Oireachtas Joint and Select Committees

Wednesday, 18 April 2018

Committee on Budgetary Oversight

Stability Programme Update: Discussion

3:00 pm

Photo of Paschal DonohoePaschal Donohoe (Dublin Central, Fine Gael) | Oireachtas source

I welcome the opportunity to be here today to discuss the draft stability programme update. As the Chairman said, this sets out our forecasts for Ireland and is the first update of our projections since budget 2018. It is presented in draft form. I look forward to hearing the views of the committee members. The final version will be submitted to Brussels later this month.

I wish to emphasise that the macroeconomic forecasts underpinning the stability programme have been endorsed by the Irish Fiscal Advisory Council. The council also welcomes the progress my Department has made towards developing alternative models for its medium-term forecast.

Turning first to the economic situation, I am greatly encouraged by the latest data showing that the economy grew by 7.8% last year. However, I want to emphasise that the headline figure can be exaggerated in an Irish context and other indicators I will be tracking are changes in consumer spending, what is happening in our labour market and changes in tax receipts, all of which point to last year being a year of strong economic growth.

My Department has increased its forecast this year to 5.6% reflecting the stronger economic momentum in the second half of last year. For next year, growth of 4.0% is forecast so the economy, overall, is in good shape. However, yesterday I stressed that this growth cannot be taken for granted and I want to emphasise that again today while acknowledging also that, for many, these top-line and overall figures do not match the experience of their own personal economy.

The changes and potential changes to which I refer are the UK's impending exit from the EU, changes in the international corporation tax landscape, and rising geopolitical tensions, all of which could derail the recovery. From 2020 onwards, the economy has the capacity to grow by around 3% per annum.
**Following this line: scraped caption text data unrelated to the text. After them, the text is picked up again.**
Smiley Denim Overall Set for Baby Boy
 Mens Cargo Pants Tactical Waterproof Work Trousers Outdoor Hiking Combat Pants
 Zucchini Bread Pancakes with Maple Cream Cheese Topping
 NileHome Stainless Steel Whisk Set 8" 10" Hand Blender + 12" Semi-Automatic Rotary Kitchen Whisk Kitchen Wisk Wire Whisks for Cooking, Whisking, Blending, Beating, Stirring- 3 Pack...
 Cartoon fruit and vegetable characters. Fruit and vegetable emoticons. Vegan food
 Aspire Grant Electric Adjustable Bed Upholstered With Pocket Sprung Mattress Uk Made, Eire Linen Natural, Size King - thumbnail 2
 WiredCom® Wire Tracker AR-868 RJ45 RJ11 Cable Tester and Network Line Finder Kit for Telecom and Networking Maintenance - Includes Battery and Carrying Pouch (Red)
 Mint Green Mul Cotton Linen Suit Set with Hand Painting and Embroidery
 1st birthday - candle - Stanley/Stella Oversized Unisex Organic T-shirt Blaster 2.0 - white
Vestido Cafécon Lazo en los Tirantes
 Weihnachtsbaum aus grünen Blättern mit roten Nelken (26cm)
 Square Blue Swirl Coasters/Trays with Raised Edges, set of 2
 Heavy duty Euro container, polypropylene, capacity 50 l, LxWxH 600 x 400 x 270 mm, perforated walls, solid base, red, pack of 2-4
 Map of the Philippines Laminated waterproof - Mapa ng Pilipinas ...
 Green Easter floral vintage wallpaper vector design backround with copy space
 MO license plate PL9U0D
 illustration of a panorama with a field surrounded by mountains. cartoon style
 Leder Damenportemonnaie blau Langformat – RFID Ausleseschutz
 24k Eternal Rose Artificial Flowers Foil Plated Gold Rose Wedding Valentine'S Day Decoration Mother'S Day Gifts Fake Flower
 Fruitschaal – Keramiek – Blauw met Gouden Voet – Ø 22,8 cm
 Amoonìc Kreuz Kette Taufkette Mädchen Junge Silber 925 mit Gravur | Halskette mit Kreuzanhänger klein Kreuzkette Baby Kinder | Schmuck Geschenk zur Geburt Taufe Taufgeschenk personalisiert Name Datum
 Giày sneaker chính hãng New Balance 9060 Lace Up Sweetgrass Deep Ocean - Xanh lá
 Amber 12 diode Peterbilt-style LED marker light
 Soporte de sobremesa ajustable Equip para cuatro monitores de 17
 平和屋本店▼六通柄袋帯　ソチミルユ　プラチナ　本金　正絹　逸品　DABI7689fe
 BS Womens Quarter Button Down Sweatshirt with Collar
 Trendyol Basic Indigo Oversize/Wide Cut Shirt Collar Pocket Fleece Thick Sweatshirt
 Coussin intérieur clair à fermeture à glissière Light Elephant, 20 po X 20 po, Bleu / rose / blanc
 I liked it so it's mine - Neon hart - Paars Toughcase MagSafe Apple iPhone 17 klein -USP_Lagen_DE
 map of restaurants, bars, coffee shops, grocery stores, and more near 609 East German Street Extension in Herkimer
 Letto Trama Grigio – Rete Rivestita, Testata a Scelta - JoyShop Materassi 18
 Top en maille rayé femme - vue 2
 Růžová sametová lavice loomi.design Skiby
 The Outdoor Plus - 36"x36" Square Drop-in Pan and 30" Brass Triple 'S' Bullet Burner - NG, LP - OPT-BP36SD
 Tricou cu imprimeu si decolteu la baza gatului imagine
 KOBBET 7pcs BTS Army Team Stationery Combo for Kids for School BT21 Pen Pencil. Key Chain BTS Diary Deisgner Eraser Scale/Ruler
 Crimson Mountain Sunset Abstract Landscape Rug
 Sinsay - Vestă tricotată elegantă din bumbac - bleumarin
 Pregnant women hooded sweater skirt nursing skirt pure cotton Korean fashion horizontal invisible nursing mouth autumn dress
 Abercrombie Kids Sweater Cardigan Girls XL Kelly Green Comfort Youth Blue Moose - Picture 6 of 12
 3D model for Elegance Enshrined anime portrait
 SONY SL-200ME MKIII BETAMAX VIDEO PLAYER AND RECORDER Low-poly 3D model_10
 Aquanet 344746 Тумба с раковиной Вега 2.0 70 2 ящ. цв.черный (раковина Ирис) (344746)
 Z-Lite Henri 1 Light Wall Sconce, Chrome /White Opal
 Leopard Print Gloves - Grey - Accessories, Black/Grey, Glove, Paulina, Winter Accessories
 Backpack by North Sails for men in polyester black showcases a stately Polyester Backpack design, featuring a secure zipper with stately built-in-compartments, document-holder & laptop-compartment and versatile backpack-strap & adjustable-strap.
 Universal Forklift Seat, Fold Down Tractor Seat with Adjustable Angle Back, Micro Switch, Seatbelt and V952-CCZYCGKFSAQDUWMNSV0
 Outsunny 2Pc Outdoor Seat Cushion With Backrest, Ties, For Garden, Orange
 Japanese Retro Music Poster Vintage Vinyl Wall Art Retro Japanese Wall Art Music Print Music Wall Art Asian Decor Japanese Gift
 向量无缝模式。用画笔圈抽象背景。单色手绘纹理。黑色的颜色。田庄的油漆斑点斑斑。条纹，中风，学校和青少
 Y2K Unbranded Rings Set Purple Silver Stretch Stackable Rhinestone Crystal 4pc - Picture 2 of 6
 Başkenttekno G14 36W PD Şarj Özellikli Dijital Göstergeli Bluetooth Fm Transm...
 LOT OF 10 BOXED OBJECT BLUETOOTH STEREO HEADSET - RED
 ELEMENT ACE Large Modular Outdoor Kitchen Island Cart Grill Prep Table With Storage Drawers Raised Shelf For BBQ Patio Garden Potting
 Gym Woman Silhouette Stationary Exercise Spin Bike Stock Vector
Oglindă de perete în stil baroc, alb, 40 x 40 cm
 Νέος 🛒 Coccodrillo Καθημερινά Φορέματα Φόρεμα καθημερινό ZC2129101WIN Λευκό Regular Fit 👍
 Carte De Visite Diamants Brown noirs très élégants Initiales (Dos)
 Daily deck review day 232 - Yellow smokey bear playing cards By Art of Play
The economic recovery is most clearly evident in the labour market, with employment growth of 2.9% last year, representing the addition of some 61,000 jobs. There are now more than 2.2 million people at work for the first time since 2008. We have now recovered nine out of every ten jobs lost, and the labour market will continue to benefit from strong growth in domestic demand, with employment growth of 2.7% for the year.

On this basis, there will be more people at work in Ireland this year than before. We expect unemployment to fall further to 5.8% and to 5.3% in 2019, down from a peak of 16%.

Public finances continue to move in the right direction. In terms of the underlying general Government deficit, progress continues to be made. I am pleased to outline that, notwithstanding the additional expenditure, as a result of the reclassification of approved housing bodies, the deficit of 0.3% of GDP recorded last year is in line with the budget day estimate. This provides further evidence that the public finances are becoming increasingly sustainable. Furthermore, a careful approach to budgetary policy is being implemented, with tax revenue forecast to grow by 6%, while gross voted expenditure is up by 4.5%. This demonstrates the Government’s commitment to maintaining sound and stable public finances.

Turning to this year, the latest Exchequer returns to the end of the first quarter show that we continue to deliver on our financial targets and commitments. It is also important to point out that the annual growth has been strong with tax receipts 3.5% higher compared to the same period in 2017 and positive annual growth witnessed across most tax heads.

Turning to expenditure, it is being managed by Departments within their allocations thus far, with overall expenditure slightly below profile by 2.3%. Capital investment to enhance our growth and address key challenges in our society is slightly behind profile but well up on last year.

For next year, an additional €2.6 billion in expenditure has already been committed. Included in this is €1.5 billion for additional capital spending, €0.4 billion to provide for demographic-related costs, €0.4 billion for public sector pay and €0.3 billion for carry-over costs associated with measures introduced this year. A key Government priority is to reduce the level of public indebtedness. However, it must be acknowledged that the recent evolution of the debt to GDP ratio presents an overly benign view of our pubic indebtedness. The debt to GDP ratio has decreased only because GDP has increased. Other measures, notably the ratio of debt to GNI* show that while declining, public debt remains high. The legacies of the crisis persist with the total stock of debt now standing at €206 billion, with €40,000 worth of debt for every citizen in our State. It is essential that we begin to reduce this burden.

In conclusion, growth cannot be taken for granted. There are a number of risks domestically, notwithstanding the well-known limitations with gross domestic product. The recovery economically continues to outperform expectations, but this, of course, creates its own challenges. If the economy continues to grow in excess of its potential, capacity constraints will begin to emerge. For these reasons, I want to be careful with budgetary policy to maintain a careful approach to it and look at measures to improve the competitiveness of our economy, while addressing our many social challenges. That is what I and the Government intend to do. Thank you, Chairman.